### DIRECTIONS
Leave the images out. Give every line below again, precisely.

• • • •

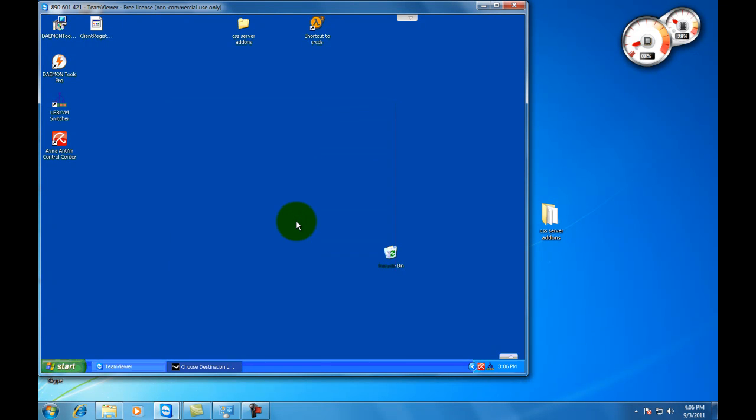Hey YouTube, this is Unconnected 007 and today I am going to show you how to create a CSS SRCDS server. This is a computer I am using TeamViewer so I can see the screen and control it. That's right next to me.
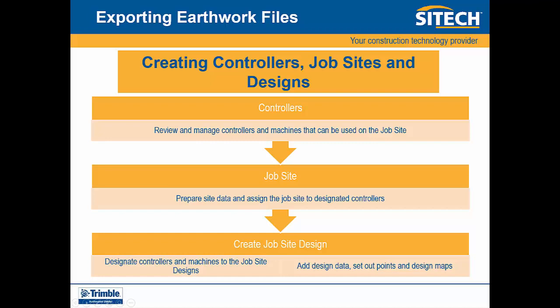In this tutorial, we will show you how to export design data compatible with the new Trimble Earthworks machine.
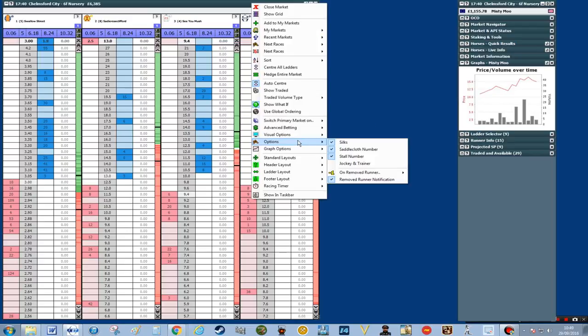The next customization is looking at the header where you've got the name of the horse, the silks, the number of the saddle cloth and the stall number. I think the stall number is very important, and the silks are optional. The saddle cloth number is important for me because I deal in handicaps and I tend to favour the top weights.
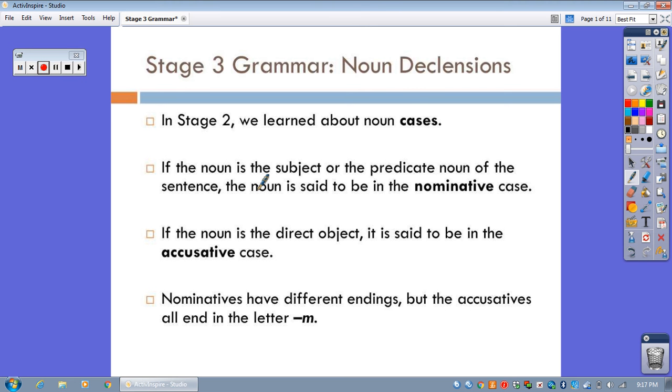Welcome to Stage 3, Noun Declensions! So just reviewing, in Stage 2 we learned about noun cases. What's a case? It's the way a noun is spelled depending on how it's used in a sentence.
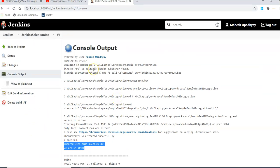That wraps up this session on the freestyle project and integration. I will schedule more videos on Jenkins pipelines and other operations with TestNG and Selenium. I'm sure this Jenkins implementation will help you get started in your project and answer Jenkins interview questions. Please leave comments, positive or negative, to help me make better videos. Thank you for watching and please subscribe to the channel.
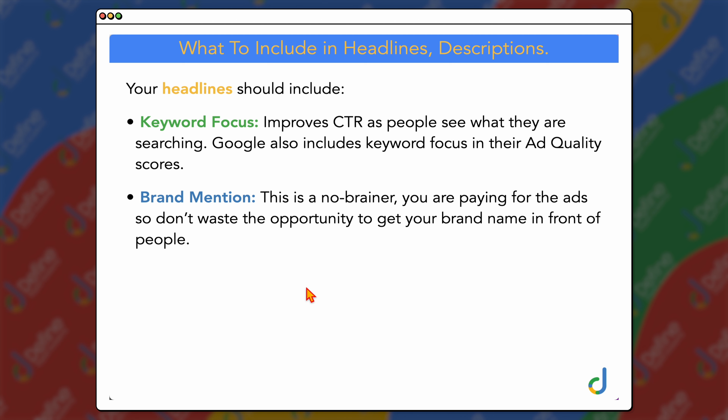The second element is your brand mention. For me, this is a no-brainer. You're paying for the ad, so don't waste the opportunity to get your brand name in front of people. This is especially true if you're a small brand — you want to be getting your brand name out there so that you can increase that brand awareness. You're paying for these ads already, so you must include your brand mention in there.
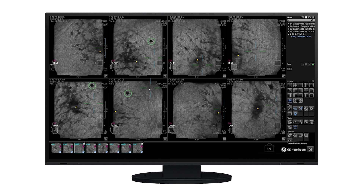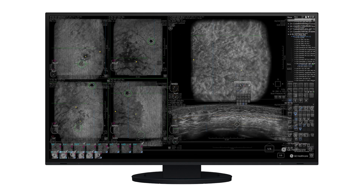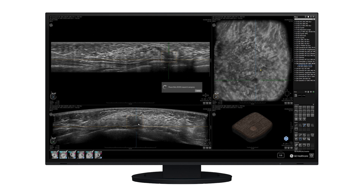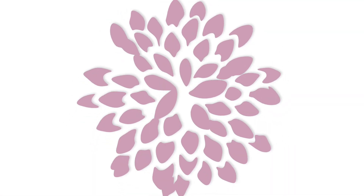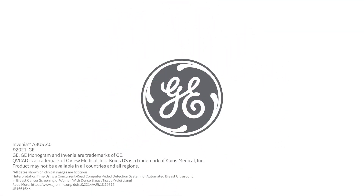QView CAD provides a single image of each acquisition, making reading time much shorter and more focused. The Invenia A-Bus AI Assistant can now seamlessly integrate with powerful third-party AI solutions to help make the overall A-Bus interpretation faster with improved cancer detection.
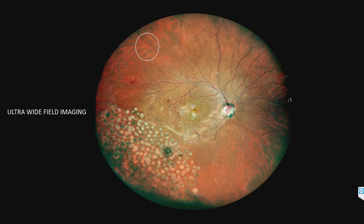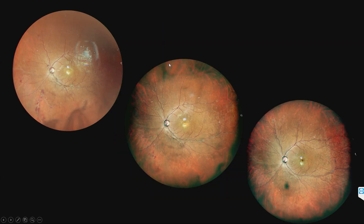Ultra-wide field imaging with multicolor — any imaging which shows between 100 to 200 degrees of field is ultra-wide field imaging. Wide field imaging is from the posterior pole up to the equator or the vortex ampulla. Ultra-wide field imaging helps in diagnosing and documenting peripheral retinal lesions and in following up cases. This is a case of peripheral retinal vasculitis which was followed up over three years and did very well with mycophenolate mofetil.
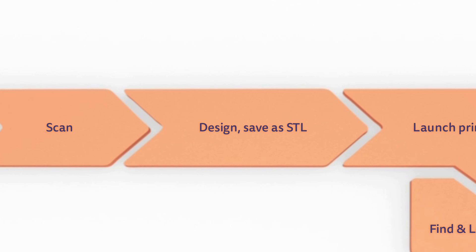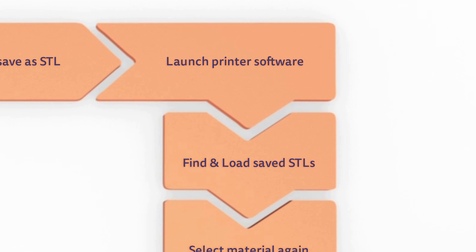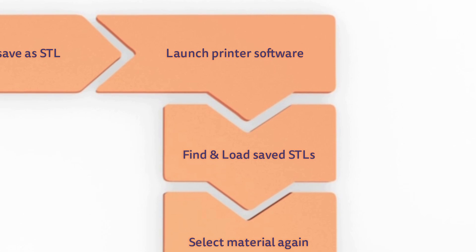Then the printer software, a separate standalone application, is launched. In this software, you must locate and load the STL files for a specific case. In complex cases involving both 3D printing and other production methods, this can be error-prone.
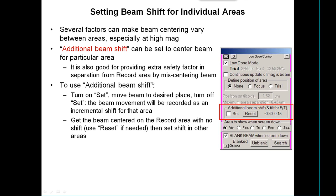We have the ability to shift the beam around individually into different areas. The reason is that various things make the beam centering differ between areas, especially at high mag. There's a capability called additional beam shift to set the center of the beam for a particular area. You can also use it to mis-center the beam away from the record area in the trial and focus areas if you want to.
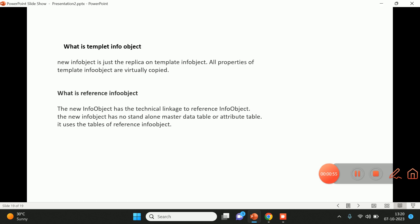Once we have created a new info object, this info object does not depend upon the template info object — it will act as an independent info object. Now, what is a reference info object?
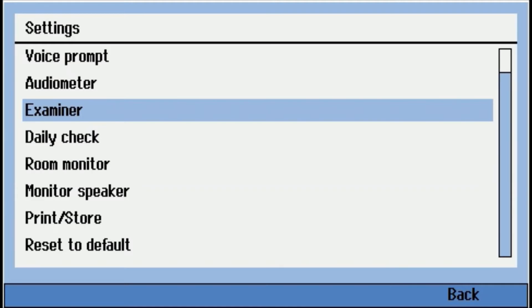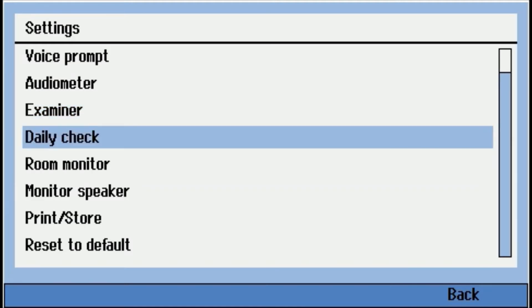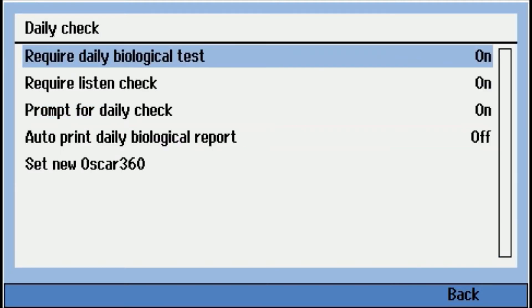Daily check. So the RA360 will store internally the last daily bio and listening check run, if you use the OSCAR 360 with it. So with the OSCAR 360, you can set this to require it. So what this means is if somebody comes in and forgets, it's not going to let the tester test people until they run those daily checks, those required checks. So you can turn this on or off.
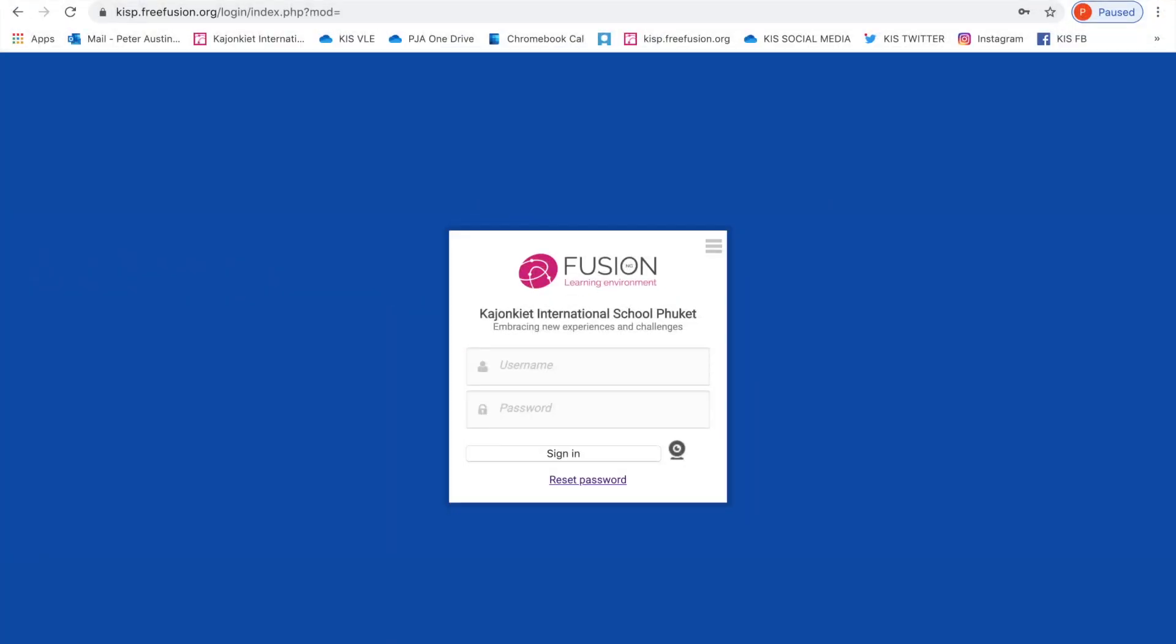In this short video, I'll be explaining how parents can set up their parent portal in their Fusion account. In order to do so, you'll need an additional piece of information.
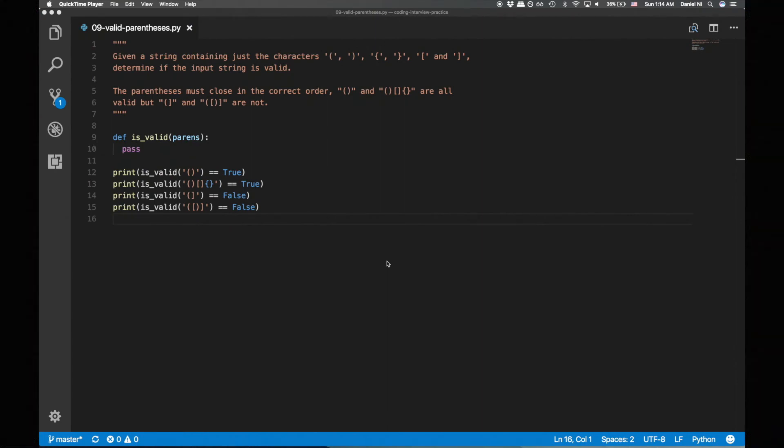Today's question is, given a string containing just the round, curly, and square parens, determine if the input string is valid. The parens must close in the correct order.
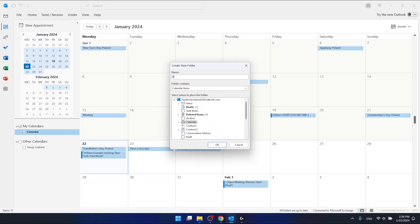You can also select where the calendar should be in your folder. Basically you're gonna have the calendar option selected right here. If you want to have it in the calendars, just leave it as it is.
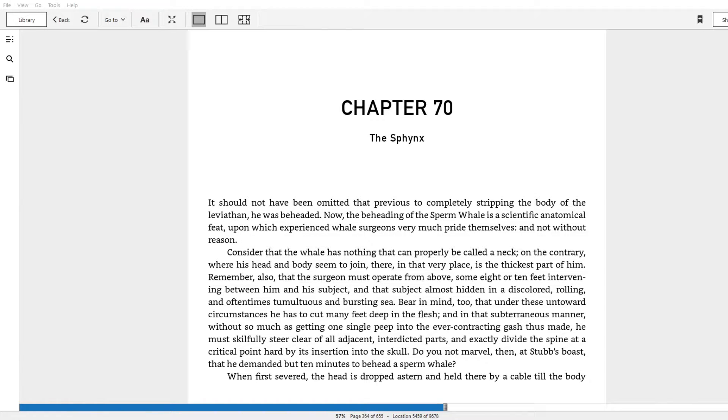Back at it again with the Moby Dickus, Chapter 70, The Sphinx.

• • • •

### SOLUTION FOR THIS EXERCISE
Hey YouTube, this is Unconnected 007 and today I am going to show you how to create a CSS SRCDS server. This is a computer I am using TeamViewer so I can see the screen and control it. That's right next to me.
In this tutorial, we will show you how to export design data compatible with the new Trimble Earthworks machine.
The next customization is looking at the header where you've got the name of the horse, the silks, the number of the saddle cloth and the stall number. I think the stall number is very important, and the silks are optional. The saddle cloth number is important for me because I deal in handicaps and I tend to favour the top weights.
Welcome to Stage 3, Noun Declensions! So just reviewing, in Stage 2 we learned about noun cases. What's a case? It's the way a noun is spelled depending on how it's used in a sentence.
That wraps up this session on the freestyle project and integration. I will schedule more videos on Jenkins pipelines and other operations with TestNG and Selenium. I'm sure this Jenkins implementation will help you get started in your project and answer Jenkins interview questions. Please leave comments, positive or negative, to help me make better videos. Thank you for watching and please subscribe to the channel.
The second element is your brand mention. For me, this is a no-brainer. You're paying for the ad, so don't waste the opportunity to get your brand name in front of people. This is especially true if you're a small brand — you want to be getting your brand name out there so that you can increase that brand awareness. You're paying for these ads already, so you must include your brand mention in there.
QView CAD provides a single image of each acquisition, making reading time much shorter and more focused. The Invenia A-Bus AI Assistant can now seamlessly integrate with powerful third-party AI solutions to help make the overall A-Bus interpretation faster with improved cancer detection.
Ultra-wide field imaging with multicolor — any imaging which shows between 100 to 200 degrees of field is ultra-wide field imaging. Wide field imaging is from the posterior pole up to the equator or the vortex ampulla. Ultra-wide field imaging helps in diagnosing and documenting peripheral retinal lesions and in following up cases. This is a case of peripheral retinal vasculitis which was followed up over three years and did very well with mycophenolate mofetil.
Then the printer software, a separate standalone application, is launched. In this software, you must locate and load the STL files for a specific case. In complex cases involving both 3D printing and other production methods, this can be error-prone.
We have the ability to shift the beam around individually into different areas. The reason is that various things make the beam centering differ between areas, especially at high mag. There's a capability called additional beam shift to set the center of the beam for a particular area. You can also use it to mis-center the beam away from the record area in the trial and focus areas if you want to.
Once we have created a new info object, this info object does not depend upon the template info object — it will act as an independent info object. Now, what is a reference info object?
Daily check. So the RA360 will store internally the last daily bio and listening check run, if you use the OSCAR 360 with it. So with the OSCAR 360, you can set this to require it. So what this means is if somebody comes in and forgets, it's not going to let the tester test people until they run those daily checks, those required checks. So you can turn this on or off.
In this short video, I'll be explaining how parents can set up their parent portal in their Fusion account. In order to do so, you'll need an additional piece of information.
Today's question is, given a string containing just the round, curly, and square parens, determine if the input string is valid. The parens must close in the correct order.
You can also select where the calendar should be in your folder. Basically you're gonna have the calendar option selected right here. If you want to have it in the calendars, just leave it as it is.
Back at it again with the Moby Dickus, Chapter 70, The Sphinx.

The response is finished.